On Black Friday, Jean and I biked a sluggish 42 miles to La Mesa and ate a lunch of Thanksgiving day leftovers on a library picnic table. The day before, we had been unable to find pumpkin pie, so I bought one at a grocery store for our dessert.
Thirty miles later we found ourselves camping at a picnic rest area just outside of Gail, TX. We sat on a grassy mound and watched a perfect sunset. It had been raining for most of the day and the sun appeared for the first time just long enough to set in raw and honest light.
Jeana had four more days till her flight from Abilene. Our season was closing. I couldn’t help but feel like the trip would lose some direction when she left. I had planned on doing this whole thing solo, even excited about the romantic notion of biking off alone into a continuous sunset, but that trip would have been such a half-experience without company, and Jeana had been the very best.
The next morning we woke up in the dark to a heavy wind beating our tent. Massive gusts sent shivering ripples up and down the canvas walls and the tent floor occasionally lifted, giving the cozy impression of sleeping inside a kite.
We pulled our sleeping bags over our heads and stayed in the tent till late morning.

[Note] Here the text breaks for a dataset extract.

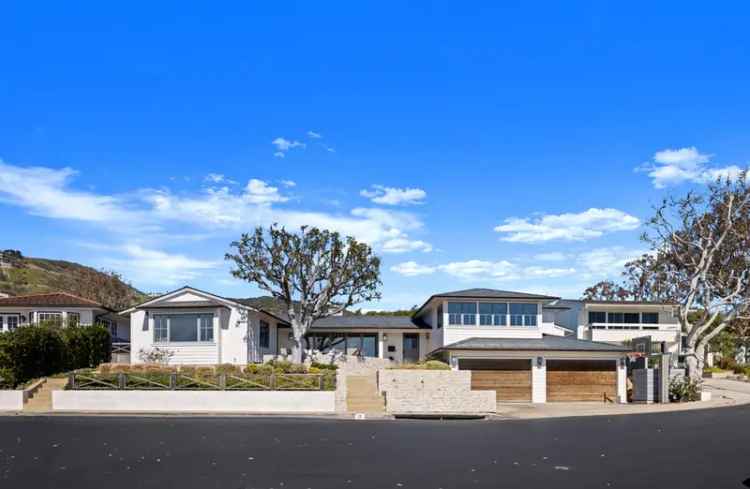 Single-family house For Sale in 17, South Alta Mira Road, Laguna Beach, California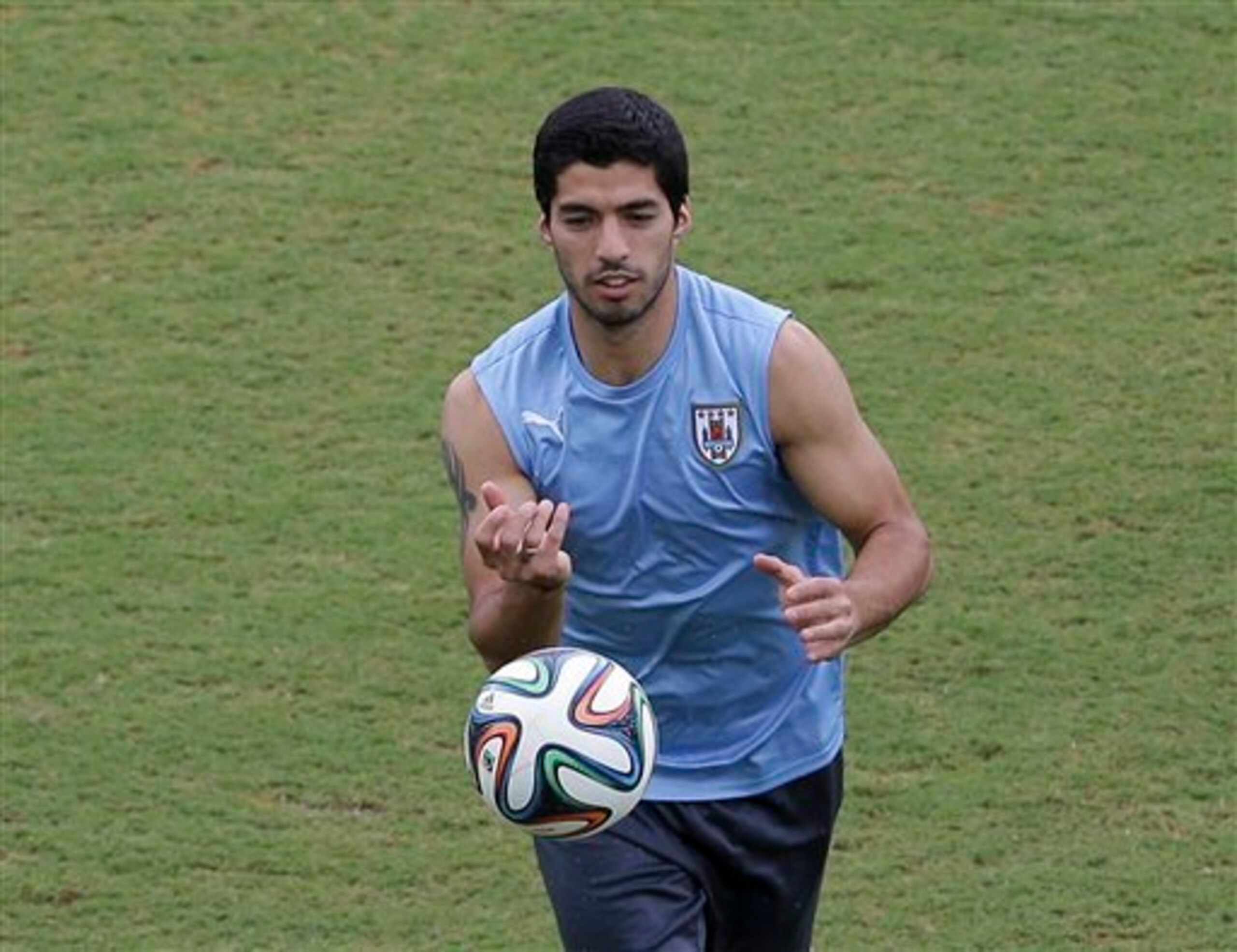 To complete his rehabilitation, Suarez will become a club captain. To complete his rehabilitation, Suarez will become a club captain.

The winds continued, and we gradually faced the hard fact that that we couldn’t sleep our way out of this one. But we certainly weren’t going to bike out, either. After a comical half-hour of trying to pack up, chasing our wind-errant belongings all over the rest area, we posted up by the road with our thumbs out.

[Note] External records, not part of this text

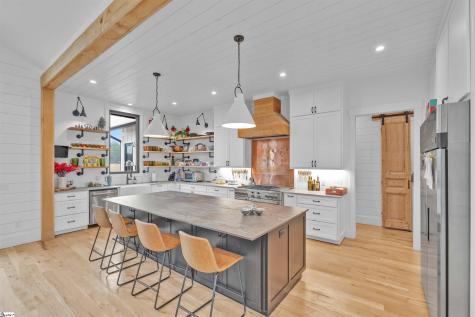 1425 S Harper Street Laurens SC 29360
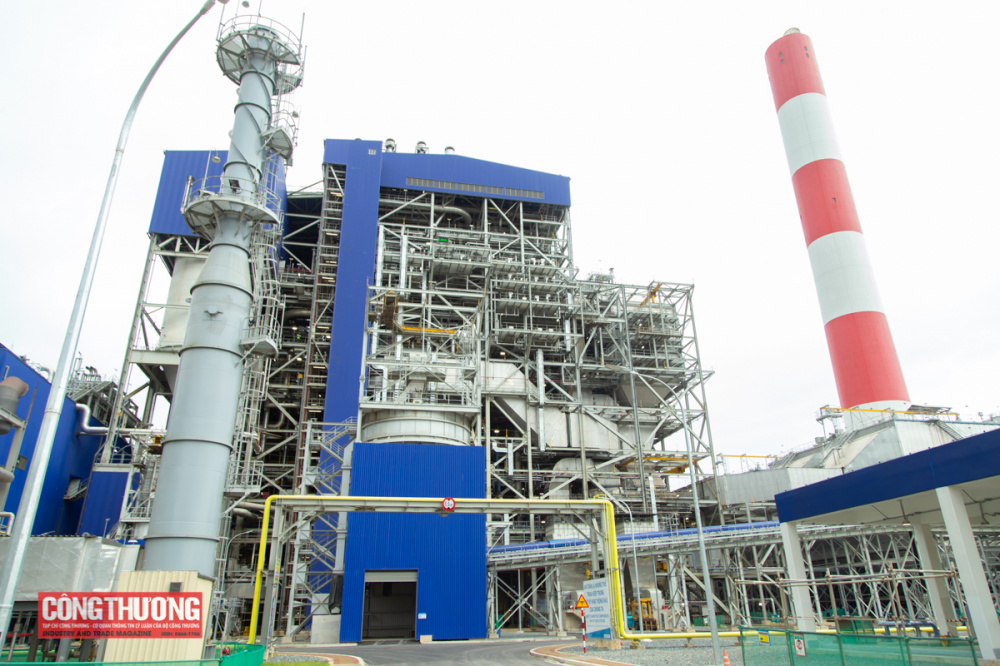 Dự án Nhà máy Nhiệt điện Vũng Áng II có tổng vốn đầu tư 2,2 tỷ USD với hai tổ máy có tổng công suất hơn 1.200 MW.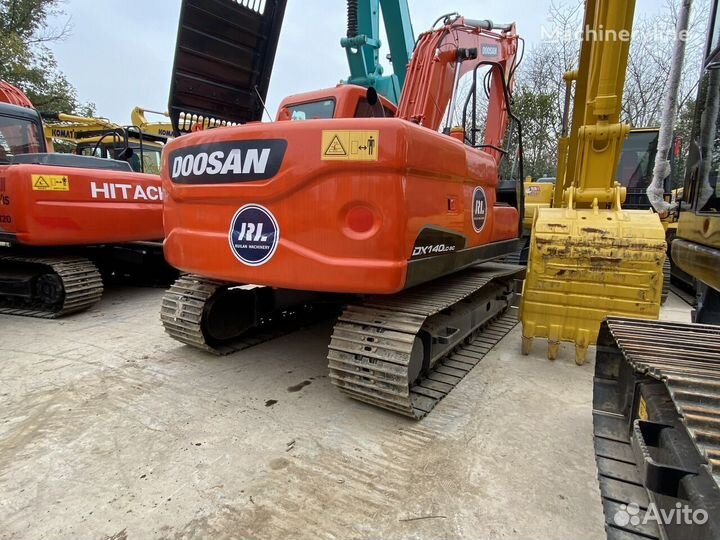 Гусеничный экскаватор DOOSAN Daewoo DX140LC, 2022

Hitch hiking with bikes always requires a truck which can lessen the likelihood of getting picked up, unless you’re hitch hiking in West Texas.
Soon enough, we got a good ol’ boy, who was doing some holiday boar hunting with his wife and son, to pull over. Between the guy’s draw and the tobacco plug in his mouth, we hardly understood a word he said, but the general tone of his mumble seemed kind and sympathetic. We loaded our bikes and gear into the truck bed, rearranging a small armory and several thirty packs of Busch Light.

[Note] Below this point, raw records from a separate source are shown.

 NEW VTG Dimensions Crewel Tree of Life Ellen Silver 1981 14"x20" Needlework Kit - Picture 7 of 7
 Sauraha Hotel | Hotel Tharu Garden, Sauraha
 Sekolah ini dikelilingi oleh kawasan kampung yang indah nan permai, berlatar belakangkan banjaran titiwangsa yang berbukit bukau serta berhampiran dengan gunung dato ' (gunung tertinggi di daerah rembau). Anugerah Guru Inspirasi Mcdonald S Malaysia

Our ride had only planned on going as far as Gail, but instead drove us one town further to Snyder.
The wind whipped just as hard in Snyder. We decided our rough morning warranted a treat. Passing a pizza place with a sign out front that read “buffet your day away”, we could hardly think of a better use of our time. We gorged for a good two hours. The restaurant patrons looked like extras from “Friday Night Lights.” Everyone, even grown adults, wore lettermen jackets studded with football pins.
We tried biking a little out of town but quickly understood the road held nothing but misery if we continued.
At a gas station by a highway junction, we loitered about asking people if they were headed anywhere east of here. We considered ourselves season hitch hikers at this point, but I still had some trepidation about asking strangers for a ride. When you think about a situation, though, in terms of the spot you’re in and what needs to happen to get you out, shyness and caution diminish and creativity blooms.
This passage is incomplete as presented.